View attachment 136880

Tail surfaces and bottom of the wing covered. If it looks like there's no covering in places that's because the camera can't see it unless there's light reflecting off it.

View attachment 136881

First attempt at covering a top section of the wing. Film smoothed and tacked down around all the edges. Hit it with the heat gun but there's not enough shrinkage to pull it tight between the ribs on the leading edge. There's no support for the covering between the ribs. It's loose and wrinkled worse than the camera shows.

View attachment 136883

I peeled off the wrinkled film using the heat gun. On the next attempt I left lots of overhanging film. Put a work glove on my left hand and the heat gun in my right. While pulling the film carefully apply heat in the spot you're pulling until the film becomes stretchable. It takes a bit more heat than shrinking to stretch the film. Too much heat and you blow a hole in the film. I have lots of this film so I can redo it as many times as it takes to get it right. It takes practice. Working back and forth across the leading edge it came out smooth and tight.

View attachment 136884

The wing tips are covered with a single piece of film, heated and stretched over the compound curves. The wing is done. This is good film for light balsa airplanes. The shrinkage is good but not strong enough to cause fragile balsa frames like this one to warp

View attachment 136885

I'm glad I didn't attempt to cover this with the tissue that come in the kit. You would have to have crazy skill and patience to get tissue to shrink smooth on this wing.

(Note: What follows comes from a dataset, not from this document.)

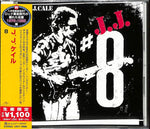 the album cover for Cale.J.J. - 8 [Limited Edition] (Jpn)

Nothing left to do but begin the fuselage. I have a very large roll of this covering film. If you want to try some shoot me a message and I'll send you a few yards to try.

Jon
I haven't got any updates til now!! And wow!!!
 

TooJung2Die

Well-known member
#12
I'm having second thoughts about the flat horizontal stabilizer so I built another using the ribs. It was a bit tricky putting a hinge line in there which is one reason I built a flat horizontal stab in the first place. I'm getting the feel for this covering film. The top and tips are covered with one piece of film, no wrinkles.

The laser cut ribs were perfectly cut unlike the die-crushed ribs for the wing.

The motor arrived. It's a 820 motor and gear box. I think 8x20 are the dimensions of the motor in mm. The gearbox was unassembled. YouTube to the rescue. The motor and gearbox came with a 5.5" prop of unknown pitch. It is supposed to produce about 2 oz of thrust. The airplane should weigh no more than 3 oz ready to fly (maybe less, we will see). The motor and prop assembly weighs 8 grams.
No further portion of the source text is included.